*Pictures with short captions*
########################################

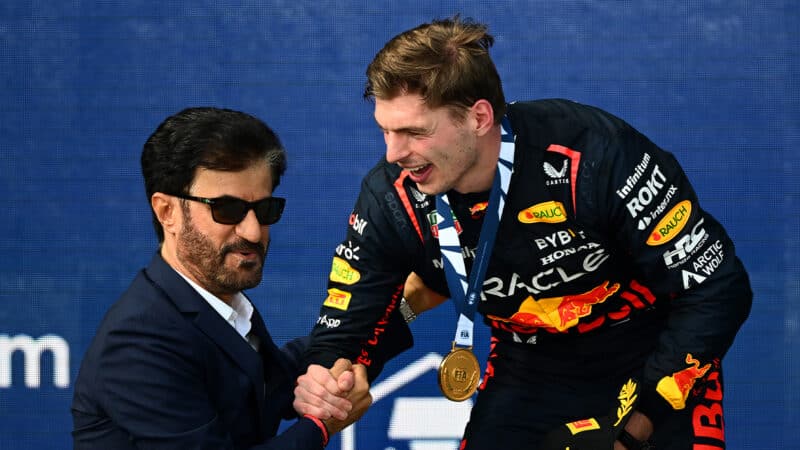 Max Verstappen laughs as he shakes the hand of Mohammed Ben Sulayem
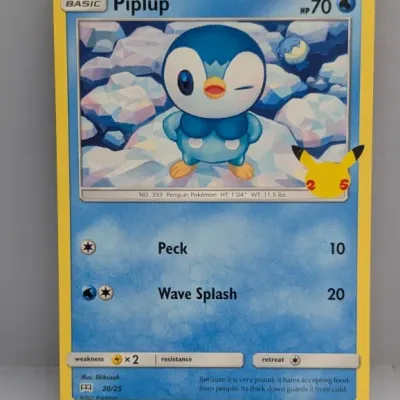 Sale Photo Thumbnail #719: 2021 Pokémon TCG 25th Anniversary Celebrations McDonald's promo Piplup card (20/25) in near-mint condition.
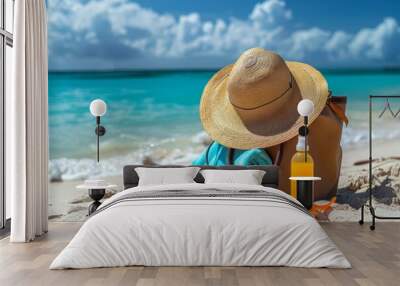 A beach bag filled with summer essentials like sunscreen, hat, and towel Wall mural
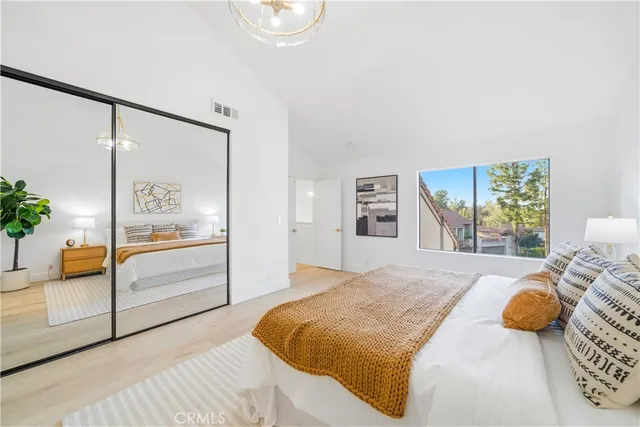 a bedroom with a bed and a painting on the wall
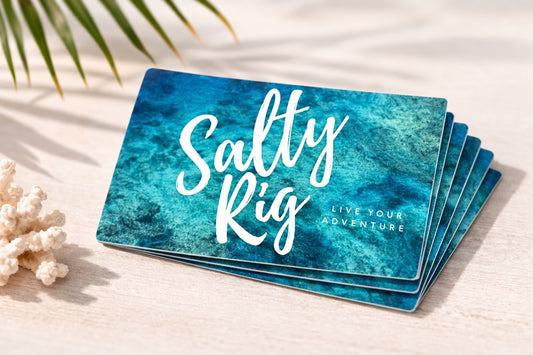 Stack of blue cards with 'Salty Rig' branding on a light surface with coral and palm leaves.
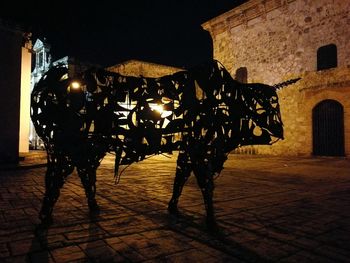 Silhouette of illuminated city at night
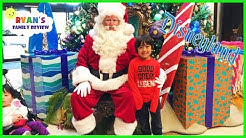 Ryan and Babies first time meeting the real Santa Claus at Disney! 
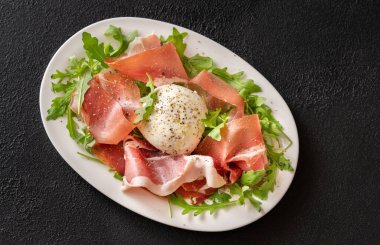 Prosciutto, mozzarella ve servis tabağında taze roka.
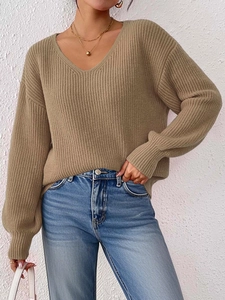 Dettaglio ravvicinato del maglione in maglia kaki con scollo a V e trama a coste verticali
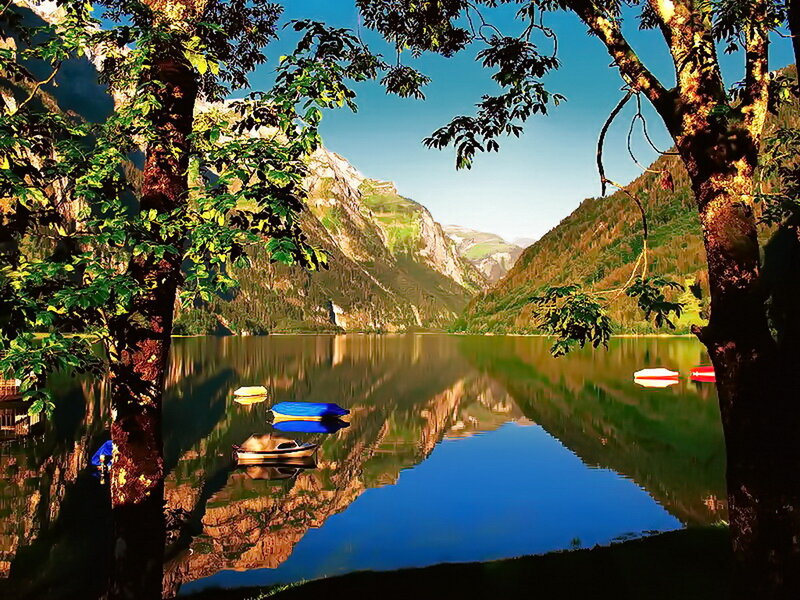 Mountain Lake with Boats — Green, Serene
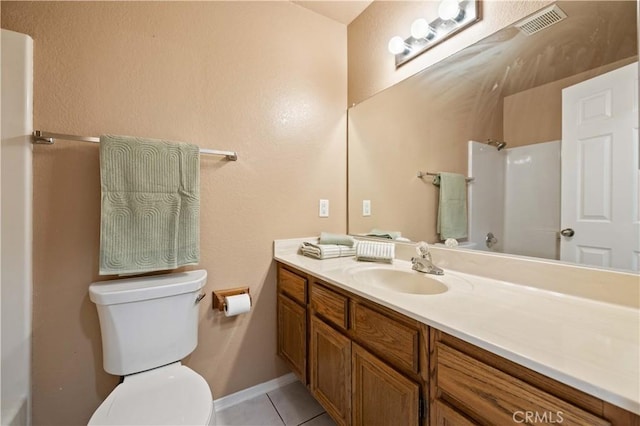 1819 Acosta Ave, Lancaster, CA 93535 - bathroom featuring toilet, vanity, tile patterned floors, and a shower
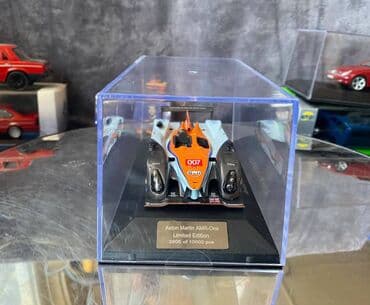 где можно продать марки: Коллекционная модель Aston Martin AMR-One #7 Gulf Team LeMans 2011 — 7
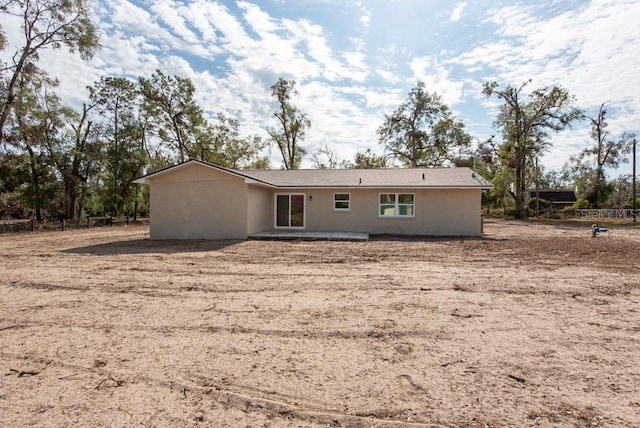 rear view of property featuring a patio area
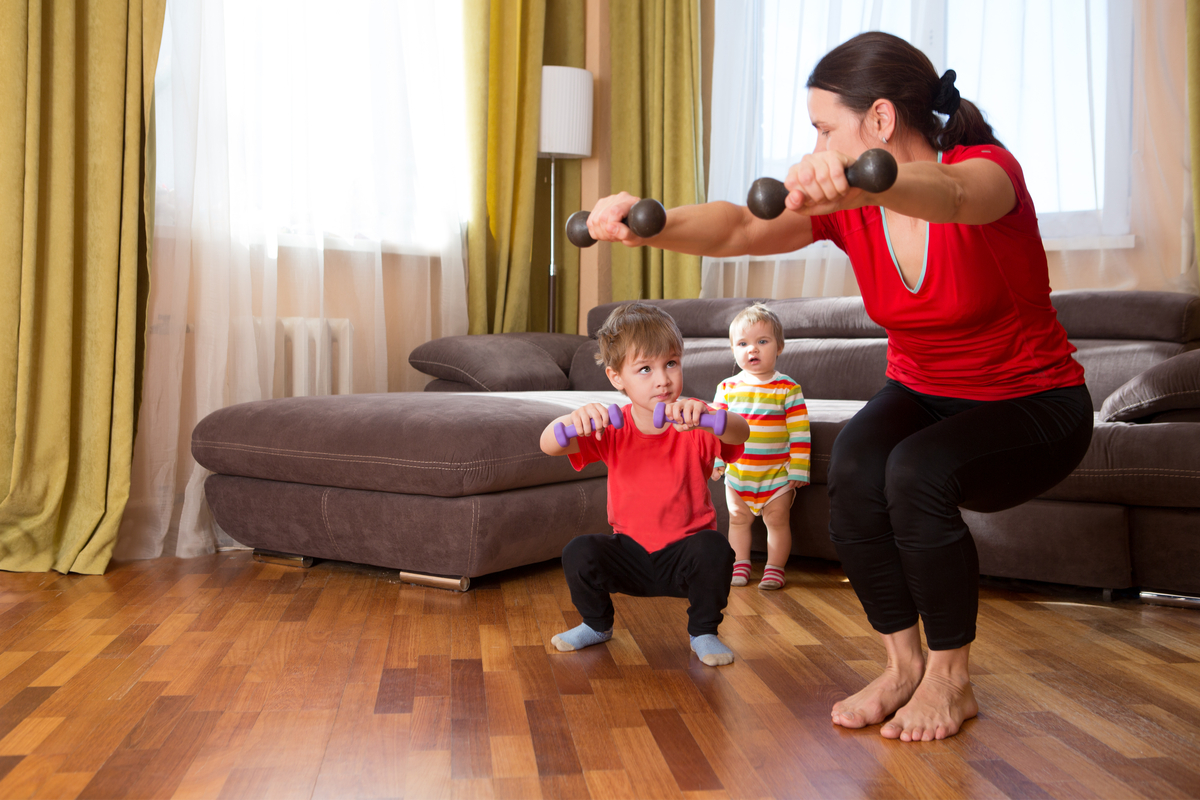 Mom working out with her todlers joining in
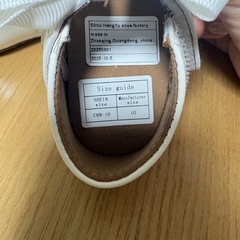 ホワイトリボン付きベビーシューズの画像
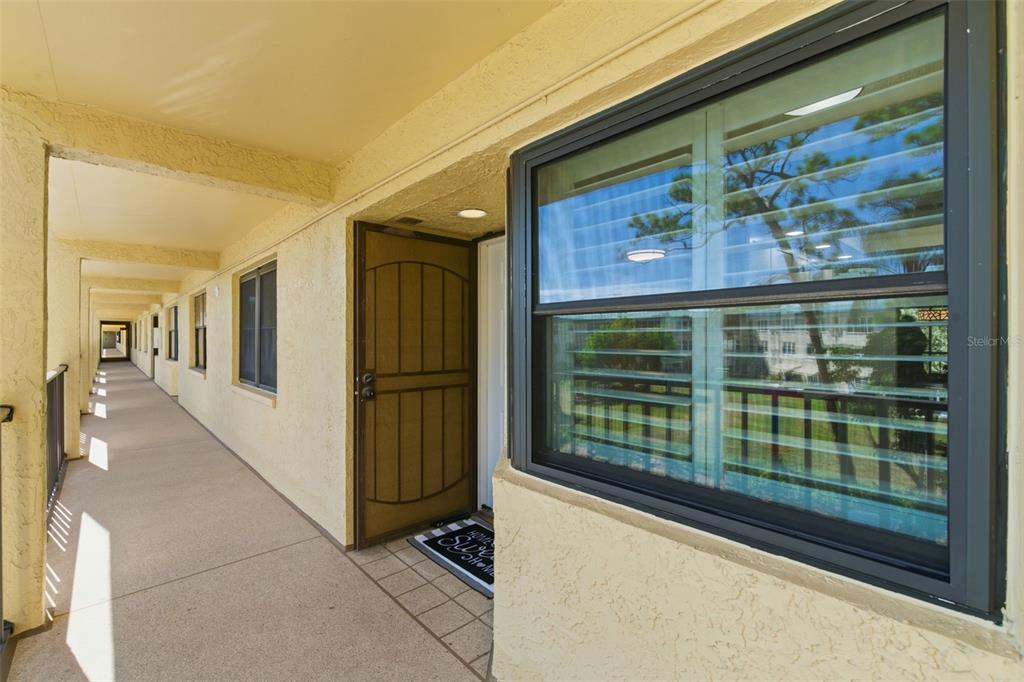 An exterior walkway leads to the entrance of a residential unit with a screen door — 5775 PARK STREET N UNIT 311, ST PETERSBURG, FL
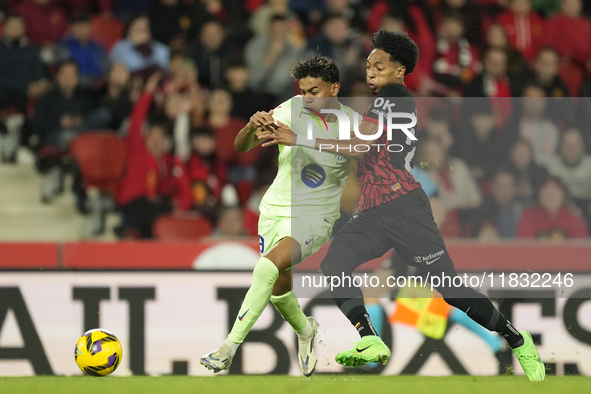 Lamine Yamal right winger of Barcelona and Spain and Johan Mojica left-back of Mallorca and Colombia compete for the ball during the La Liga...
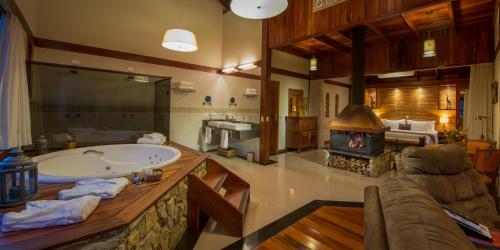 a large bathroom with a tub and a fireplace at Mirante da Colyna Hotel & SPA in Monte Verde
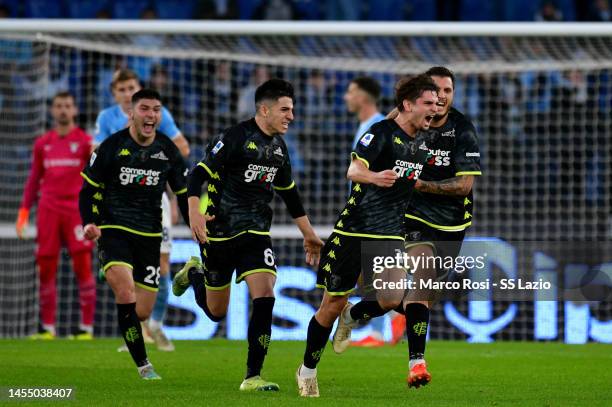 Răzvan Gabriel Marin of Empoli FC celebrates scoring his team's second goal, a late equaliser, with his team-mates during the Serie A match between...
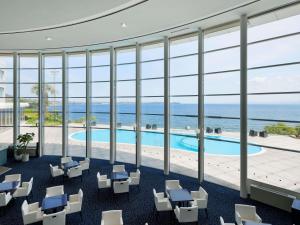 Bazén v ubytování Grand Mercure Beppu Bay Resort & Spa nebo v jeho okolí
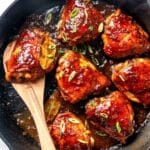 Filipino Chicken Adobo recipe in a skillet with a spoon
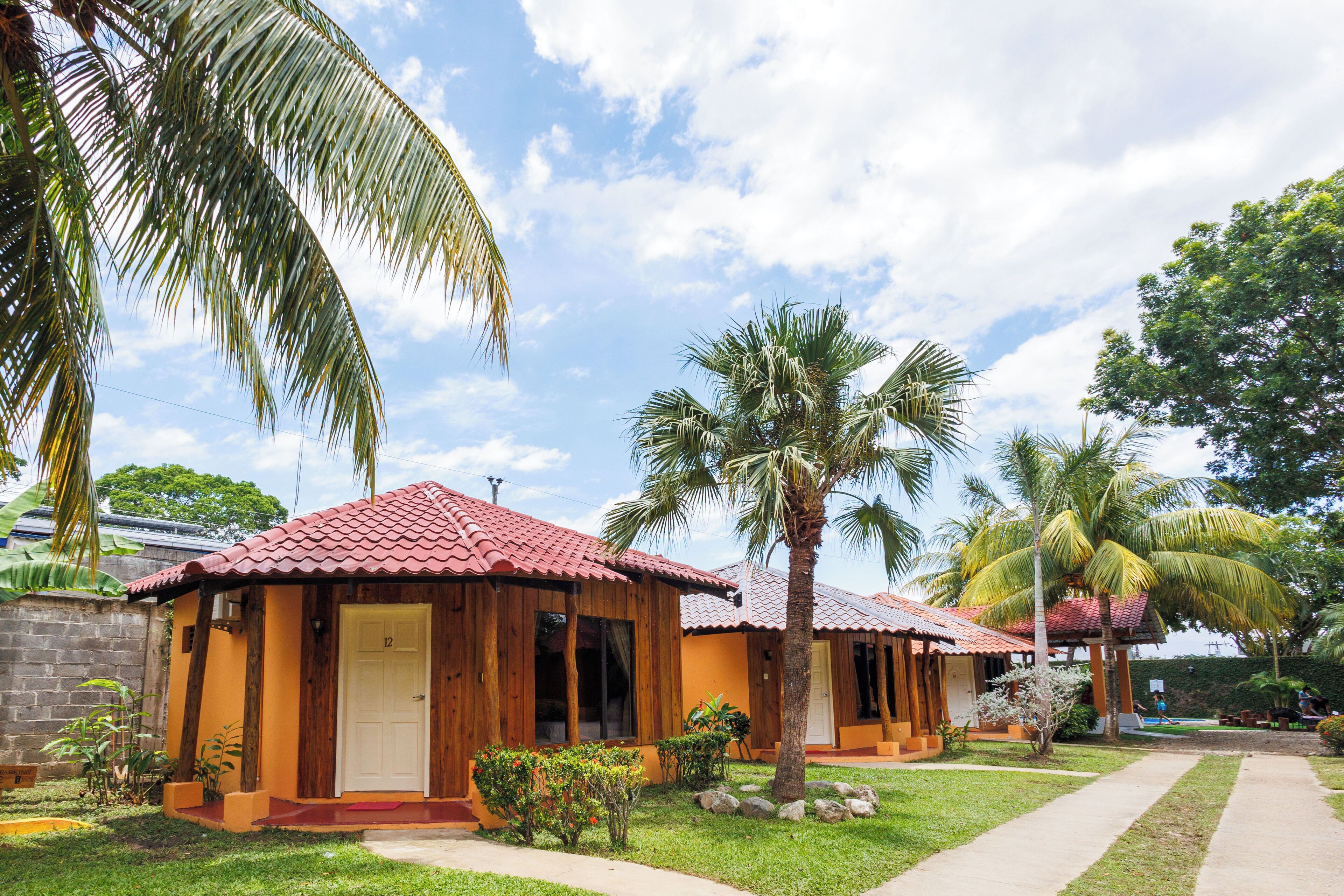 A row of wooden cabins with red-tiled roofs, surrounded by lush greenery and palm trees.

########################################

*Work instructions*
Starting at the line above that holds "Silhouette of illuminated city at night", repeat every line exactly down to and including the line that holds "1819 Acosta Ave, Lancaster, CA", then stop. Do not carry over any pictures.

*Result for this exercise*
 Silhouette of illuminated city at night
 Ryan and Babies first time meeting the real Santa Claus at Disney! 
 Prosciutto, mozzarella ve servis tabağında taze roka.
 Dettaglio ravvicinato del maglione in maglia kaki con scollo a V e trama a coste verticali
 Mountain Lake with Boats — Green, Serene
 1819 Acosta Ave, Lancaster, CA 93535 - bathroom featuring toilet, vanity, tile patterned floors, and a shower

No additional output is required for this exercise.